Three Cheers for Introverts

Three Cheers for Introverts March 18, 2012

(Adam, you listening?)

By Susan Cain:

(CNN) — The theory of evolution. The theory of relativity. The Cat in the Hat. All were brought to you by introverts.

Our culture is biased against quiet and reserved people, but introverts are responsible for some of humanity’s greatest achievements — from Steve Wozniak’s invention of the Apple computer to J.K. Rowling’s Harry Potter. And these introverts did what they did not in spite of their temperaments — but because of them.

As the science journalist Winifred Gallagher writes: “The glory of the disposition that stops to consider stimuli rather than rushing to engage with them is its long association with intellectual and artistic achievement. Neither E=mc2 nor Paradise Lost was dashed off by a party animal.”

Introverts make up a third to a half the population.

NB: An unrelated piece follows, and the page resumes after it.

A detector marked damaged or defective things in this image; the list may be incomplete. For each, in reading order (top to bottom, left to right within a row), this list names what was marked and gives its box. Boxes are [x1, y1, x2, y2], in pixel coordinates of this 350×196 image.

That’s one out of every two or three people you know.

Yet our most important institutions — our schools and our workplaces — are designed for extroverts. And we’re living with a value system that I call the New Groupthink, where we believe that all creativity and productivity comes from an oddly gregarious place….

In fact, we’ve known about the transcendent power of solitude for centuries; it’s only recently that we’ve forgotten it. Our major religions all tell the story of seekers — Moses, Jesus, Mohammed, Buddha — who go off alone, to the wilderness, and bring profound revelations back to the community. No wilderness, no revelations.

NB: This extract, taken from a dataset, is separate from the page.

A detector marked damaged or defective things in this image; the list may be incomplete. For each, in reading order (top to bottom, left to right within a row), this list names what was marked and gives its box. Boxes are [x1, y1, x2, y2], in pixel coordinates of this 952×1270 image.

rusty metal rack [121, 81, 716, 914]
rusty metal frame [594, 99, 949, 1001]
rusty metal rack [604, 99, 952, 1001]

This is no surprise, if you listen to the insights of contemporary psychology. It turns out that you can’t be in a group without instinctively mimicking others’ opinions — even about personal, visceral things like who you’re physically attracted to. We ape other people’s beliefs without even realizing we’re doing it.

Groups also tend to follow the most dominant person in the room even though there’s zero correlation between good ideas and being a good talker. The best talker might have the best ideas, but she might not. So it’s much better to send people off to generate ideas by themselves, freed from the distortion of group dynamics, and only then come together as a team.

I’m not saying that social skills are unimportant, or that we should abolish teamwork. The same religions that send their sages off to lonely mountaintops also teach us love and trust. And the problems we face today in fields like economics and science are more complex than ever, and need armies of people to solve them.

But I am saying that we all need alone time. And that the more freedom we give introverts to be themselves, the more they’ll dream up their own unique solutions to the problems that bedevil us.